Under the plan residents will have to pay up to £120 per vehicle per annum for the privilege of parking in their own street. The Council, however, rejected the claim that this is a money-making scheme, stating that it will indeed be a costly commitment in the long term with the associated expenditure on parking meters, road markings, maintenance, and so on.

In effect admitting that it will be a further drain on scarce resources for years to come.

So, why is the Council introducing this scheme which no-one in the area seems to want? EVERY single written objection by residents has been systematically rejected. (See *2)

The University is building a new library on its existing car park and is funding the implementation of the new controlled parking area, affecting many of the surrounding residential streets, to the tune of £600,000. ( See *1) This action is to ‘compensate’ for its failure to provide adequate parking on its own land.

Could it be that the Uni figured that our cash strapped Council would jump at the offer of a short-term pay-off, and that this would be cheaper than incorporating an underground car park in the design of the building?

Also, should the situation get worse in years to come, that would then be the Council’s and the local residents’ problem. They’re not daft, these University chaps!

The residential streets around the University – such as the one pictured here DURING the University term – are QUIET during the day, because many residents drive to work, leaving plenty of capacity for daytime on-street parking. During the evening, however, the streets become busier with parked cars as naturally, that’s when local residents return from work. Most residents will have no option other than to purchase a parking permit, yet still may not have any guaranteed parking spaces at the very times of day they need them.

Now let us turn our attention to the streets themselves, there are several potholes, the pavements are made unsightly and dangerous with overgrown tree roots. Some of the surrounding streets have been need of repair work for some time.

There is a strong case for the introduction of speed bumps on our street. Many vehicles drive at dangerously excessive speeds near the entrance to the childrens’ play park on Sunnyside Road, despite the street being in a 20mph zone. A serious – potentially fatal – accident is waiting to happen here.

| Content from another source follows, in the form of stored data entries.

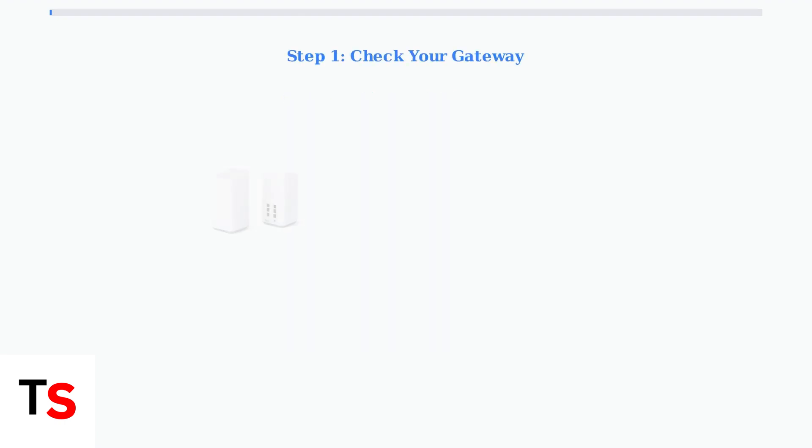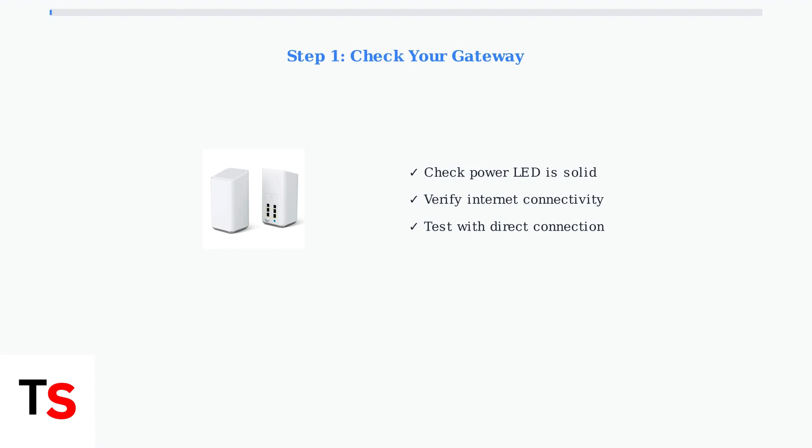First, ensure your Xfinity gateway is online and functioning correctly. This is the foundation of your entire network.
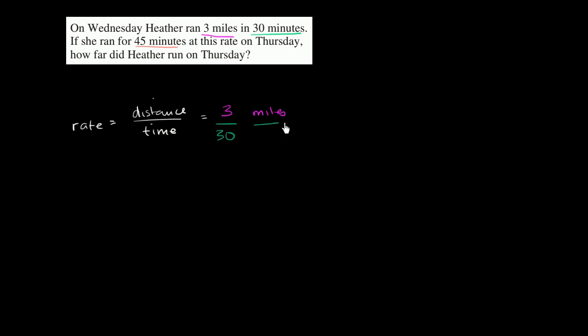In 30 minutes. And so you could simplify three over 30 is the same thing, this is the same thing as one tenth of a mile per minute. That's her rate.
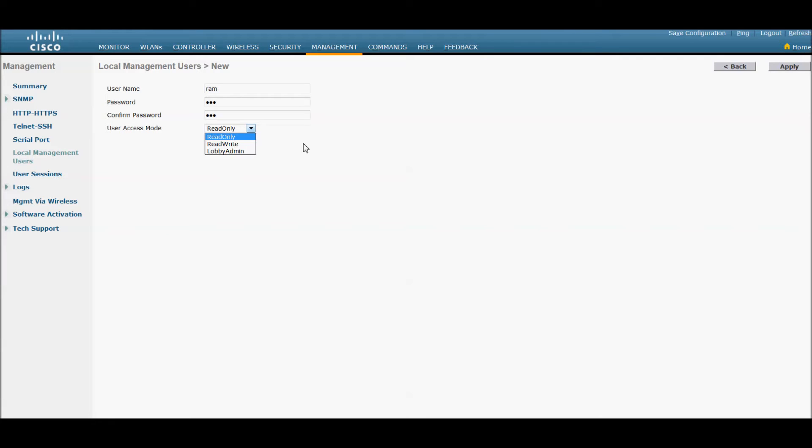Lobby admin is to manage the guest users on Cisco controller. Here we are going to give read write and apply.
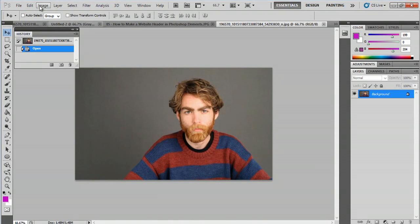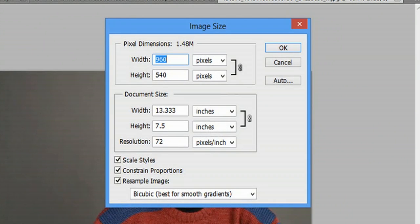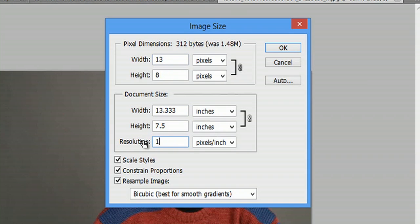I'm going to go up to image, and image size. Alternately, you can hit Alt-Control-I, but that's confusing, so I just like to go to the drop-down menu. We'll click image size, and here in resolution, all we have to do is change it to 150.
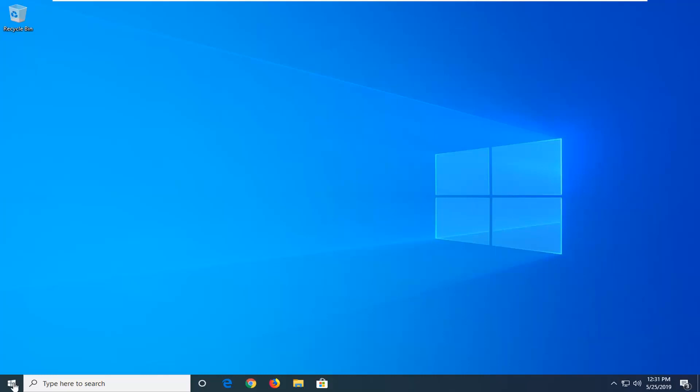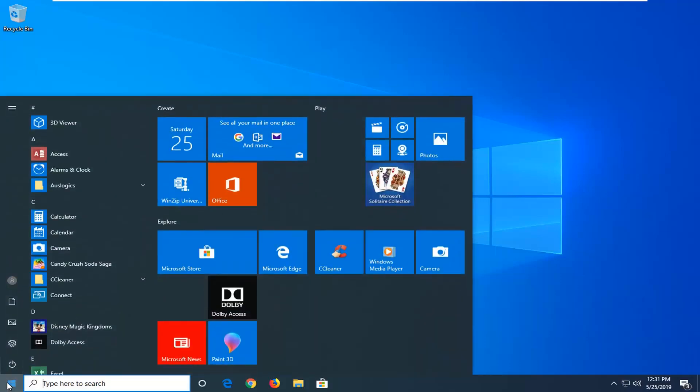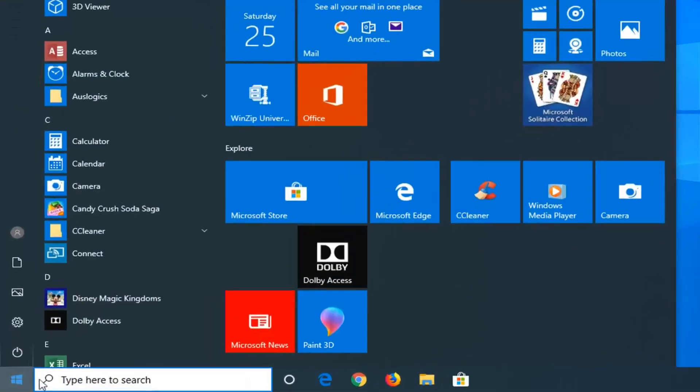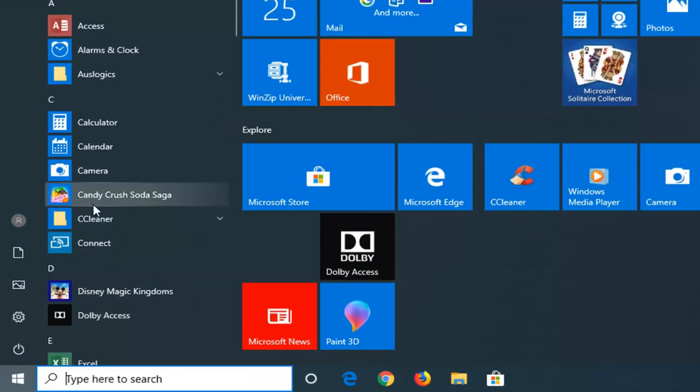So all you have to do is just open up the start menu, just left click on the start button one time, and you can type in Candy Crush Soda Saga into the start menu search or if you see it in the list here.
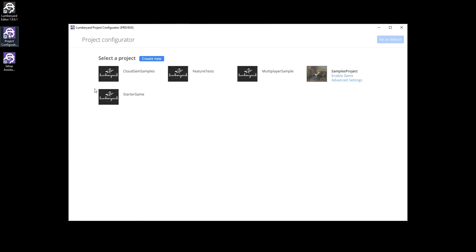Next up, you'll need to set Starter Game as your default project. To do that, launch the Project Configurator by double-clicking on its shortcut on your desktop. Once you're inside Project Configurator, select Starter Game and click on the Set as Default button in the upper right-hand corner of the interface. We can close Project Configurator, and just like that, we're about ready to get in and play around with our new Starter Game.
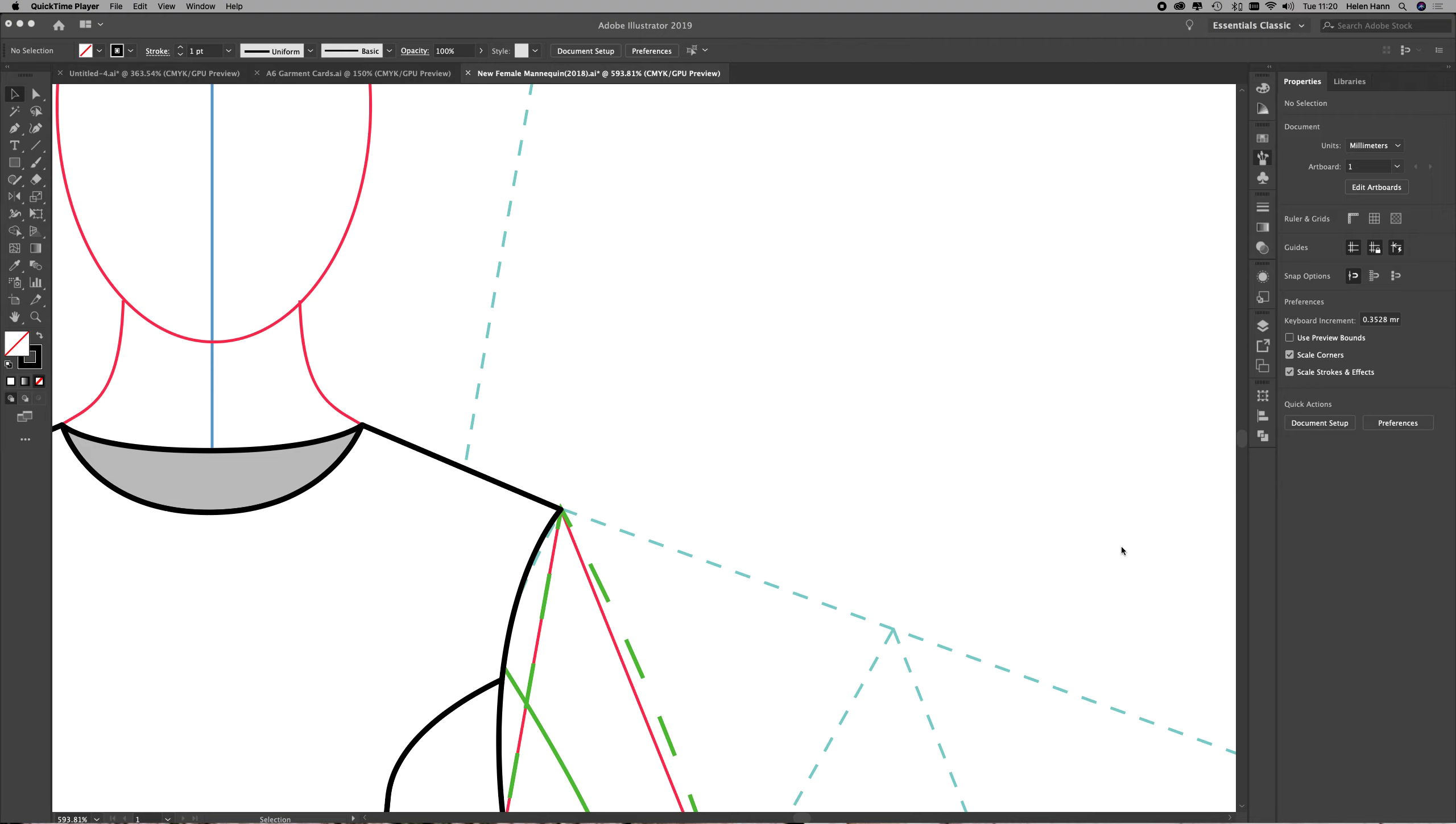In this workshop we're going to look at making another brush. It's still a pattern brush but it's a little bit more complicated than the twin needle topstitch brush that we created in the previous video.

So, is the Council making plans to introduce traffic calming measures and warning signs? No. It is simply pressing on with its plans to erect parking meters, parking restriction signs, road markings etc., none of which will make our streets safer, and none of which is wanted by local residents.

The library building is now well under way. The Uni’s parking capacity, therefore, has long since been reduced.

Yet, with the new term started, there is no evidence of any increase in demand for parking in the new CPZ streets in our area around the Uni nor any evidence of the congestion or disruption predicted by the Council.